Appellant now contends the trial court erred in admitting Charlie's statements to the effect that he told appellant to stop beating Hopper, but appellant would not stop and continued to beat Hopper even after they heard him gurgling. We disagree and conclude the court properly admitted the statements under the adoptive admission exception. In light of this conclusion, we need not reach appellant's claims the evidence was inadmissible under the other hearsay exceptions relied on by the prosecution.
It also appears defense counsel focused on these comments in opposing the prosecution's motion at the hearing below.
In determining whether hearsay testimony is admissible as an adoptive admission, the following principles apply: "Hearsay is 'evidence of a statement that was made other than by a witness while testifying at the hearing and that is offered to prove the truth of the matter stated.' (Evid. Code, § 1200, subd. (a).) Hearsay is not admissible unless it qualifies under some exception to the hearsay rule. Two hearsay exceptions are relevant here. A defendant's own hearsay statements are admissible. [Citations.] A statement by someone other than the defendant is admissible as an adoptive admission if the defendant 'with knowledge of the content thereof, has by words or other conduct manifested his adoption [of] or his belief in its truth.' (Evid. Code, § 1221; see People v. Preston (1973) 9 Cal.3d 308, 314 & fn. 3 [(Preston)].)" (People v. Davis (2005) 36 Cal.4th 510, 535 (Davis).)
As our high court in Preston explained, "[i]f a person is accused of having committed a crime, under circumstances which fairly afford him an opportunity to hear, understand, and to reply, and which do not lend themselves to an inference that he was relying on the right of silence guaranteed by the Fifth Amendment to the United States Constitution, and he fails to speak, or he makes an evasive or equivocal reply, both the accusatory statement and the fact of silence or equivocation may be offered as an implied or adoptive admission of guilt." (Preston, supra, 9 Cal.3d at pp. 313-314.)
"To warrant admissibility, it is sufficient that the evidence supports a reasonable inference that an accusatory statement was made under circumstances affording a fair opportunity to deny the accusation; whether defendant's conduct actually constituted an adoptive admission becomes a question for the jury to decide." (People v. Edelbacher (1989) 47 Cal.3d 983, 1011.)
Thus, in determining whether the trial court erred in allowing testimony regarding Charlie's statements to Smart and Manuel, this court must determine whether there was sufficient evidence to support a reasonable jury finding that: "(a) the defendant heard and understood the statement under circumstances that normally would call for a response; and (b) by words or conduct, the defendant adopted the statement as true." (Davis, supra, 36 Cal.4th at p. 535; see also Evid. Code, §§ 403, 1221; Preston, supra, 9 Cal.3d at p. 314 & fn. 3.)

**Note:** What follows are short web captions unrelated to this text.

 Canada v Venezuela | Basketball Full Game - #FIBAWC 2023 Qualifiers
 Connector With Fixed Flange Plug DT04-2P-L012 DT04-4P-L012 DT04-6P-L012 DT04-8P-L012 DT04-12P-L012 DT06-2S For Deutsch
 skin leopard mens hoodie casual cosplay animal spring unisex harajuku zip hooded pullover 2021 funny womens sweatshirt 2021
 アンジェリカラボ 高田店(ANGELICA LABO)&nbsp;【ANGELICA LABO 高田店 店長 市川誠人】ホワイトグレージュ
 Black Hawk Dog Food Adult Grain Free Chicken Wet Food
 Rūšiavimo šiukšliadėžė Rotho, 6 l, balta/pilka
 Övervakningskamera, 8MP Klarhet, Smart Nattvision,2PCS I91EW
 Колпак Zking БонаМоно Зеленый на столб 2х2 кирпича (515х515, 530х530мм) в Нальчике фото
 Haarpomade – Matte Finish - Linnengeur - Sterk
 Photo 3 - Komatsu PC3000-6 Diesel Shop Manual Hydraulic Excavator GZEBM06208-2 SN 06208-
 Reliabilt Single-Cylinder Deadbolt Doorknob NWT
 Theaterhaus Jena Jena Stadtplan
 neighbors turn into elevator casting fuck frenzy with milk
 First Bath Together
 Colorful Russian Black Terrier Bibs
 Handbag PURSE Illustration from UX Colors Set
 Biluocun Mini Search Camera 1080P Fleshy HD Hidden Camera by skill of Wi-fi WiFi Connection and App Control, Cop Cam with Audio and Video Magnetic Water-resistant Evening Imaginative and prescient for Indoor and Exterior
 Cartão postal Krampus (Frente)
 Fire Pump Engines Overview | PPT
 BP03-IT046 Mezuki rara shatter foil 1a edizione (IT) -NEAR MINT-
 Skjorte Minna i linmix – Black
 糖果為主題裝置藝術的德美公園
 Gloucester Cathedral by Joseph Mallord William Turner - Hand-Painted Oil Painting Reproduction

Here, there was sufficient evidence appellant heard Charlie's statements to Smart and Manuel. Manuel reported that appellant was present when the statements at issue were made and Smart testified that, when appellant and Charlie were talking about the beating of Hopper, they were all standing close together in a circular formation. Because of their proximity to one another, the jury could reasonably infer that appellant heard and understood Charlie's statements that appellant kept beating Hopper after Charlie told him to stop and they heard Hopper gurgling. The jury could also reasonably infer such statements called for a reply if they were untrue, and appellant's silence was a tacit admission he committed the acts Charlie described. (See People v. Zavala (2008) 168 Cal.App.4th 772, 778-780 [trial court properly instructed on adoptive admission when defendant's confederates boasted about committing murder and threatened anyone who talked and defendant neither said anything nor denied anything].)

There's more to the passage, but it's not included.